No livro “A Imortalidade”, Milan Kundera, consagrado escritor tcheco, fala do desejo das pessoas de permanecer na memória coletiva depois de desaparecer do mundo terreno, a verdadeira vida para muitos é viver no pensamento do outro. O autor diz que emitimos opiniões, exercemos atividades militantes para sermos notados, para termos nossa imagem fixada na memória dos outros. Os bens que impressionam não garantem a imortalidade, para permanecer na memória dos outros, temos que colocar encanto em tudo, tornar público o gesto, o sorriso, a sedução.
O essencial, porém, é o que não pode ser dito, senão vivido. Para o autor, são os gestos que tornam as pessoas imortais. O que eterniza a personagem do livro, é um gesto, um aceno cheio de simbolismo e sensualidade de uma mulher de meia-idade, à beira de uma piscina. A expressão do gesto arrebatou o coração do autor e sustentou o romance. Contudo, Kundera pontua que o gesto não revela a essência da mulher, pelo contrário, “a mulher revela o encanto de um gesto”.

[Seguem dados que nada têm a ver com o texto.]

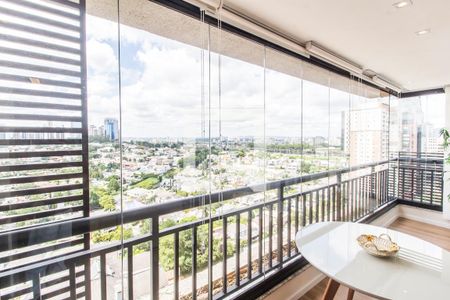 Varanda de apartamento para alugar com 1 quarto, 50m² em Empresarial 18 do Forte, Barueri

De fato, as grandes narrativas têm sido substituídas por imagens memoráveis perpetuadas na mente e no imaginário de milhares de pessoas, desde o cotidiano gesto da mão que entrega a rosa com amor, os arroubos gestuais dos discursos dos políticos até a imagem de Lionel Messi levantando a taça da copa do mundo. Nenhuma palavra dita por Messi ou pelo adversário Mbappé ou outros se sobrepõe as imagens que correram o mundo da espetacular final. Toda a preparação, a pressão, o alto desempenho dos jogadores foram projetados nas imagens capturadas.
Não é preciso palavra para descrever a cena de Messi correndo desgarrado dos colegas da seleção para solitariamente se unir em abraço ao goleiro deitado na grama. As imagens reencarnam inevitavelmente ao longo da história, apesar da mortalidade dos indivíduos.
O momento atravessado por notícias falsas, por promessas vãs, falácias contribui para reduzir a importância do discurso, das metáforas, do embate de ideias meramente auto afirmativas. Na vida política brasileira atual, faltou um gesto de solidariedade ou gratidão do presidente Bolsonaro para os apoiadores sentirem-se abraçados, acolhidos, para guardarem boa memória afetiva dos protestos e do presidente. Os apoiadores, expostos à sol e chuva na frente dos quartéis, seu líder, encolhido e recolhido no palácio, emburrado, emudecido, seco.
A base do eu não é o pensamento, a palavra, assim como os personagens de Kundera, precisamos construir imagens significativas se quisermos evitar o apagamento da nossa individualidade na mente dos outros.